First, we will assign all the columns except our dependant variable ("Class") to the variable X and the column "Class" to the variable Y.
And then we will `train_test_split` from the scikit-learn library to split them into X_train, X_test, Y_train and Y_test. It is important to add `random_state` because this will allow us to have the same results every time we run the code. 

In [67]:
x = hepatitis_data.iloc[:, hepatitis_data.columns != 'Class']
y = hepatitis_data.iloc[:, hepatitis_data.columns == 'Class']

In [68]:
X_train, X_test, Y_train, Y_test = train_test_split(x, y, test_size = 0.2, 
                                                    random_state = 42)

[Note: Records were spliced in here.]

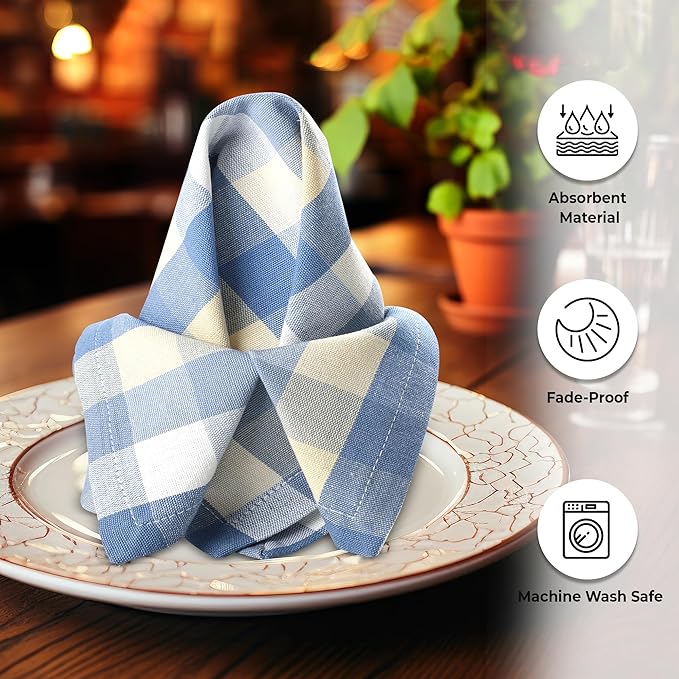 Urban Villa Cloth Napkins 100% Cotton Dinner Napkins Highly Absorbent 20x20 Inches (Set of 12) Blue Sand Buffalo Checks Reusable Washable Soft Durable Premium Quality Ideal for Home Wedding Parties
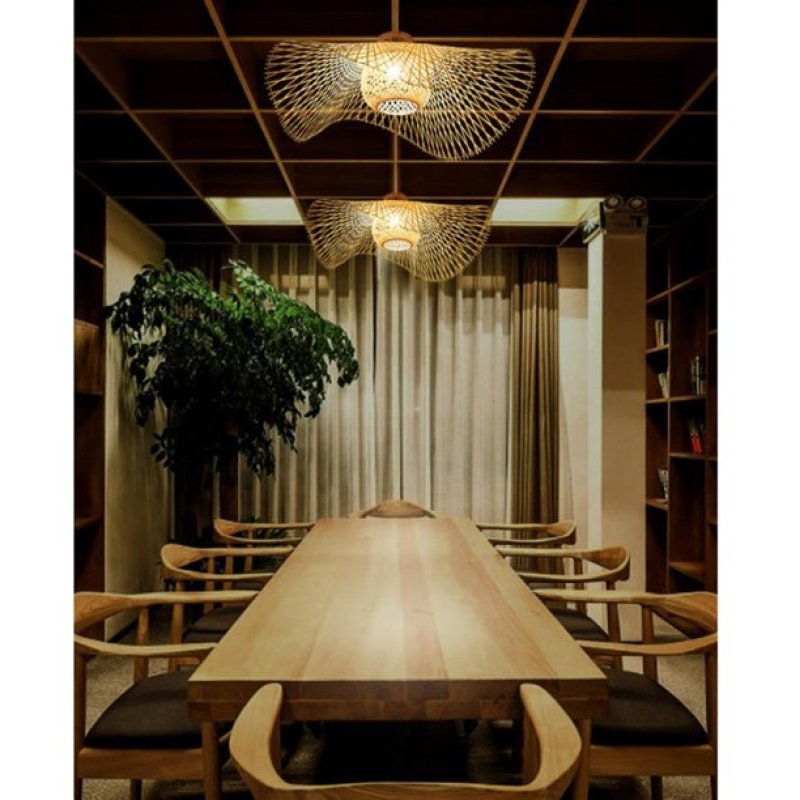 BowLift | MutoCraft Pendant - Elegant Rattan Hanging Light in Japanese Style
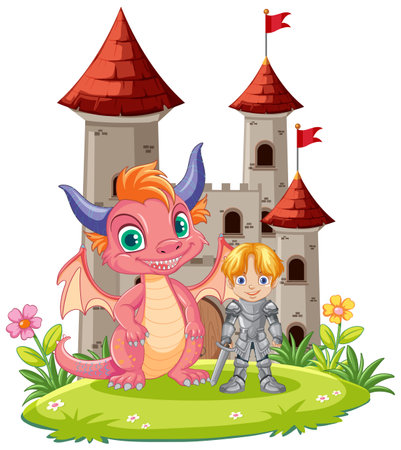 Cute Dragon with Knight Standing in Front of Castle illustrationのイラスト素材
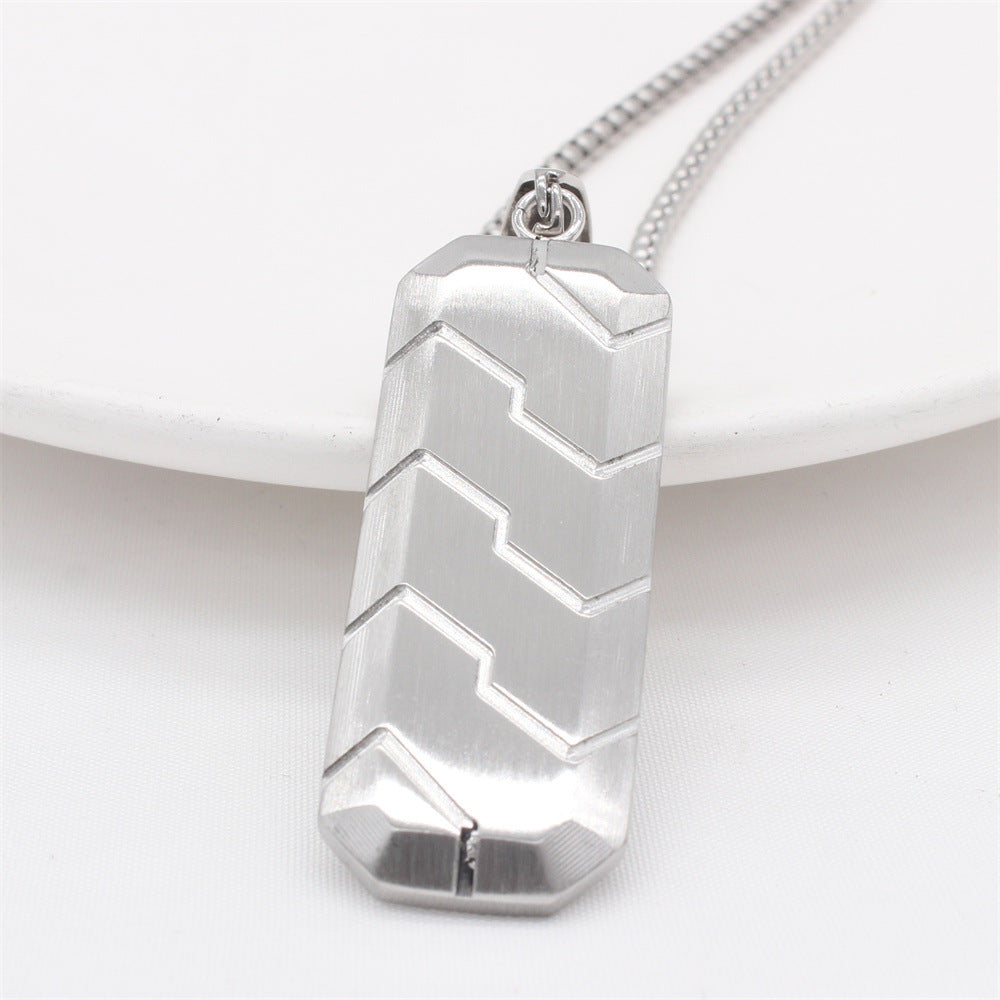 Tire Pattern Tag Pendant Stainless Steel Unisex Jewelry for Men Planderful Bold Modern Minimalist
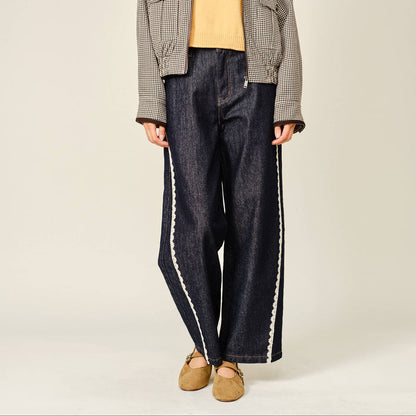 Dark Denim Lace Barrel Jeans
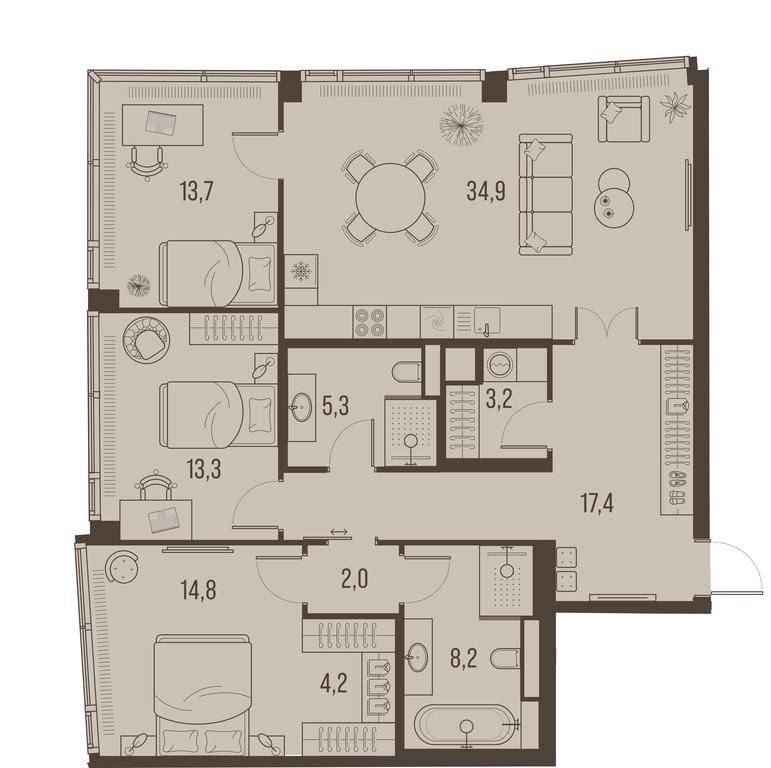 3-BD Apartment Sale, 117.6 sq. m. at High Life, Letnikovskaya Street, 11/10с1, Moscow, Russia #1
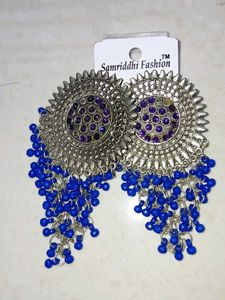 Bohemian Silver & Blue Jhumka Earrings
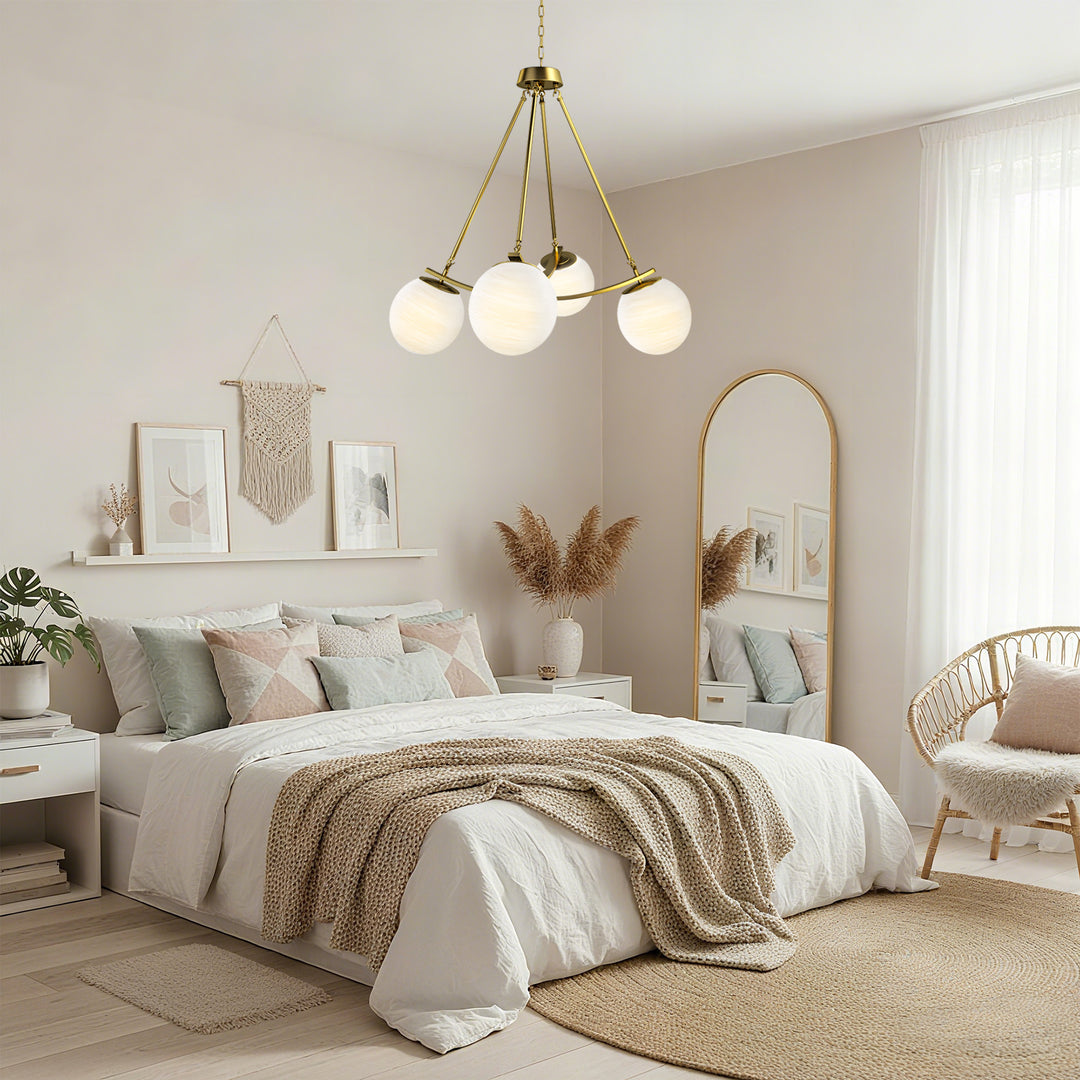 Nimbus 4-light 33"w Black/brass Modern Chandelier For Dining Room Or Kitchen Island,feature Frosted Globe Glass Shades #29035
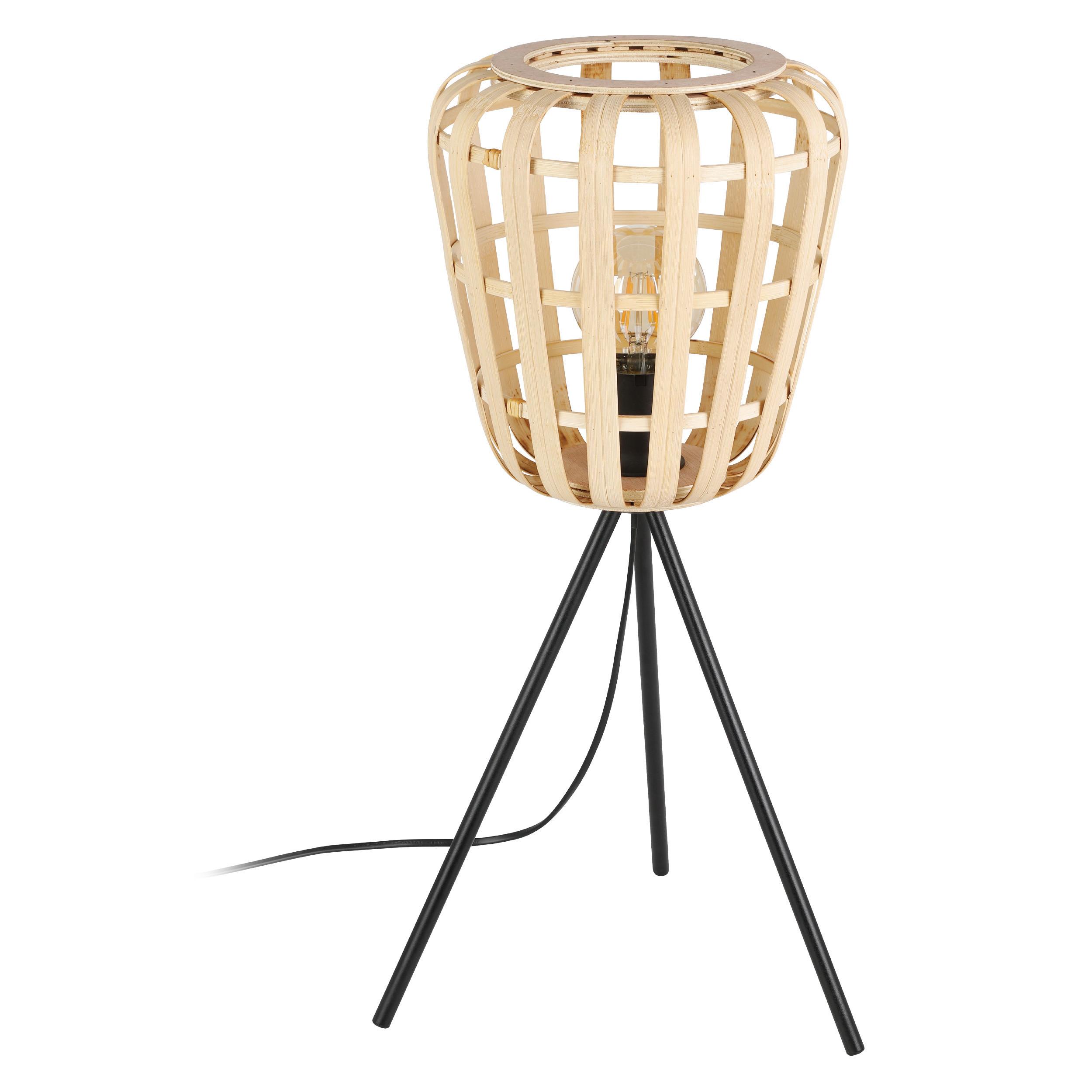 STOLNÁ LAMPA MONTEZUELO - čierna/prírodná farba, Natur, kov/drevo (24/59cm)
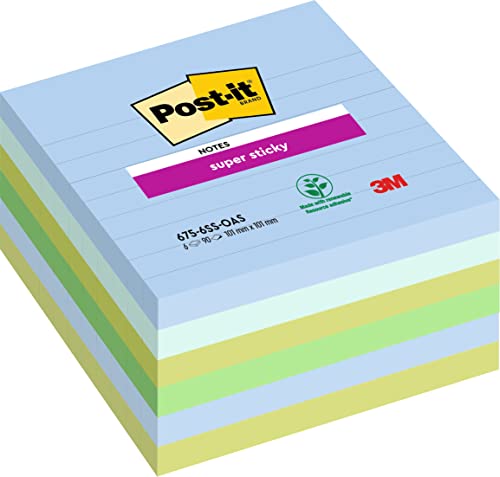 Post-it Super Sticky Large Notes Oasis Color Collection, 6 Blöcke, 90 Blatt pro Block, 101 mm x 101 mm, blau, grün – extra Haftnotizen für Notizen, To-Do-Listen und Erinnerungen von Post-it
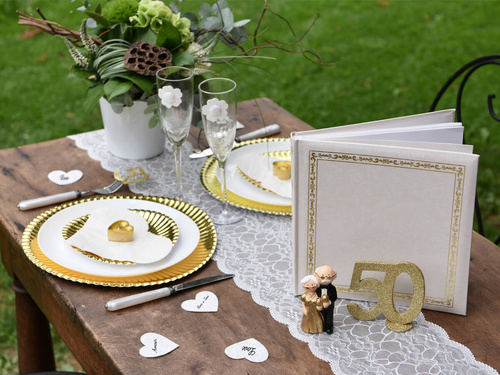 Dekoracja bieżnik koronkowy na stół - biały - 18 cm x 3 m - 1 szt.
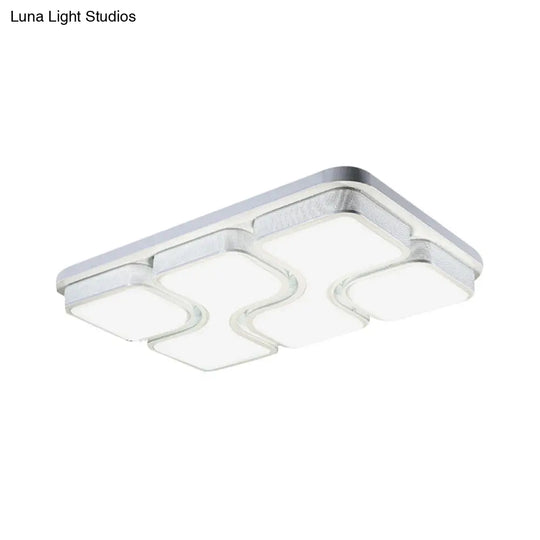 Rectangular Flush Mount Ceiling Light With Led Acrylic Fixture - Black/White Simple Design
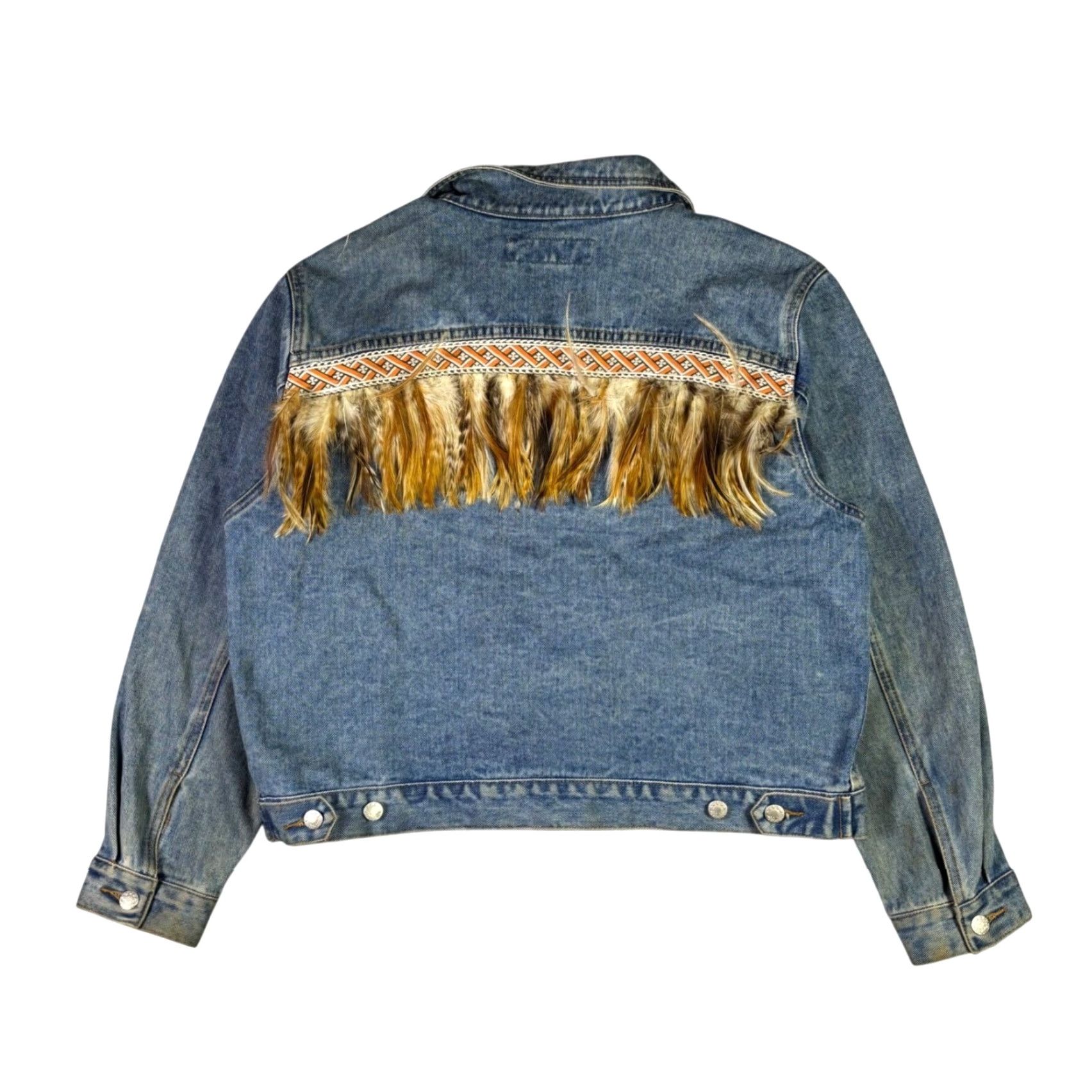 Vintage VINTAGE Ashley Stewart Denim Jacket Feather Fringe Western Boho Blue Womens 1X Jacket Girls? Size XL / US 12-14 / IT 48-50 - 2 Thumbnail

** Training Random Forest **

It is very easy now to impute missing values (using Imputer), create and train the basic random forest model using the package Scikit-learn.
We will start by apply .ravel() to the Y_train and Y_test to flatten our array as not doing so will rise warnings from our model. 

In [69]:
Y_train = Y_train.values.ravel()
Y_test = Y_test.values.ravel()

Then, we will impute our missing values using the function `Imputer` and the strategy `most_frequent` that will replace the missing values for the most frequent value in the column (axis = 0). It is worthy to notice that doing so can introduce errors and bias, but of course as we state before there is no perfect way to handle missing data.

In [70]:
imp = Imputer(missing_values = 'NaN', strategy = "most_frequent", axis = 0)
imp = imp.fit(X_train)

X_train_imp = imp.transform(X_train)

fit_random_forest = RandomForestClassifier(random_state = 42)

fit_random_forest.fit(X_train_imp, Y_train);


Our basic model has now been trained and has learnt the relationship between our independent variables and the target variable. Now, we can check how good our model is by making predictions on the test set. We can then compare the prediction with our known labels.

We will again impute the missing values in our test set and use the function `predict` and the metrics `accuracy_score` to evaluate the performance of our model.

In [73]:
X_test_imp = imp.transform(X_test)

y_predicted = fit_random_forest.predict(X_test_imp)

In [74]:
accuracy_score(Y_test, y_predicted)

0.74193548387096775

As we can observe above, our basic model has an accuracy of 74.19% which tell us that it has to be further improved.